# Data Wrangling in R: Strings

In which we dive into string manipulation, with a focus on regular expressions.

February 18, 2020 - 8 minute read -

In this post we’ll be taking a look at basic string functions, regular expression syntax, and several applications of regular expressions in string manipulation.1

The RStudio String Manipulation Cheat Sheet has great reference material on this topic in a condensed format.

### String Basics

• str_length() returns the number of characters in a string
• str_replace_na() turns missing values (NA) into “NA”
• str_c(..., sep = ",") combines two or more strings with a specified separator
• str_c(..., collapse = ", " collapses a vector of strings into a single string with a specified separator
• str_sub() extracts or modifies subsets of a string by character position
• str_sort() sorts strings; specify locale if necessary
• str_to_lower(), str_to_upper(), str_to_title() changes cases; specify locale if necessary

## Regular Expressions - Basic Syntax

#### Anchors

• ^ matches the start of a string

#### Repetition

• ? is 0 or 1
• + is 1 or more
• * is 0 or more
• {n} is exactly n
• {n,} is n or more
• {,m} is at most m
• {n,m} is between n and m, inclusive
• \1, \2 backreference previous text in parentheses and search for the same pattern

Note: By default, these are greedy and match the longest string possible; make them lazy by putting a ? after them.

## Appling Regular Expressions in R

It’s important to note that in order for your regular expressions to work in R, you must add an additional backslash,  \ , to all existing backslashes in your expression.
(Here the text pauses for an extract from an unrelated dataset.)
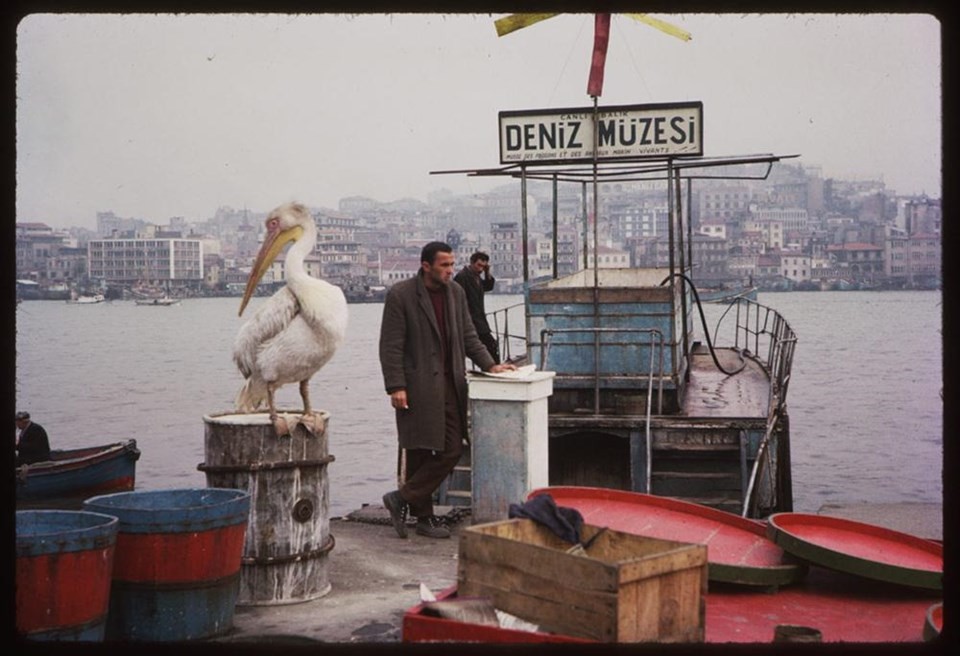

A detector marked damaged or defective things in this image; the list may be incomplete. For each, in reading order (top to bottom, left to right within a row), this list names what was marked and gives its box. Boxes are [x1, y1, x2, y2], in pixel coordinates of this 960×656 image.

rusty barrel [16, 508, 119, 640]
rusty barrel [83, 486, 249, 640]
rusty barrel [198, 410, 334, 604]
This is because backslashes have their own meaning in R strings.

You can also search for patterns using OR logic using the pipe: |.

Let’s go through some simple applications of regular expressions using the two libraries below. The two datasets that I will use as examples are words, a character vector of 980 common words, and sentences, a character vector of 720 sentences.
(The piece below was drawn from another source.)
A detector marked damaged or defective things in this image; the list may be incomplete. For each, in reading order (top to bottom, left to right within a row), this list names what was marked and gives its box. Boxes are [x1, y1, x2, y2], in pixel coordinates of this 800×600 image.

### 1. Detecting Matches: string_detect(), string_subset(), and string_count()

string_detect() searches for a pattern in a string and returns TRUE or FALSE.

string_subset() keeps strings matching a pattern.
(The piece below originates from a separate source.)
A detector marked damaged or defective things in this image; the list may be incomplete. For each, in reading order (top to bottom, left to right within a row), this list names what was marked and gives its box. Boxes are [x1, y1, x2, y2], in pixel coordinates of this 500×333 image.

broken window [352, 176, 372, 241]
string_count() counts the number of matches there are in a string.

### 2. Extracting Matches: string_extract() and string_extract_all()

str_extract(), str_extract_all() extracts the actual text of a match.

### 3. Grouped Matches: str_match() and str_match_all()

str_match() and str_match_all() are very similar to the previous string extracting functions – they extract a matching pattern from a vector, but also returns each individual component by returning a matric with one column for the complete match followed by one column for each group.

extract() does the same thing, but is especially useful for tibbles (as opposed to vectors). It will add additional columns to the tibble for each grouped match.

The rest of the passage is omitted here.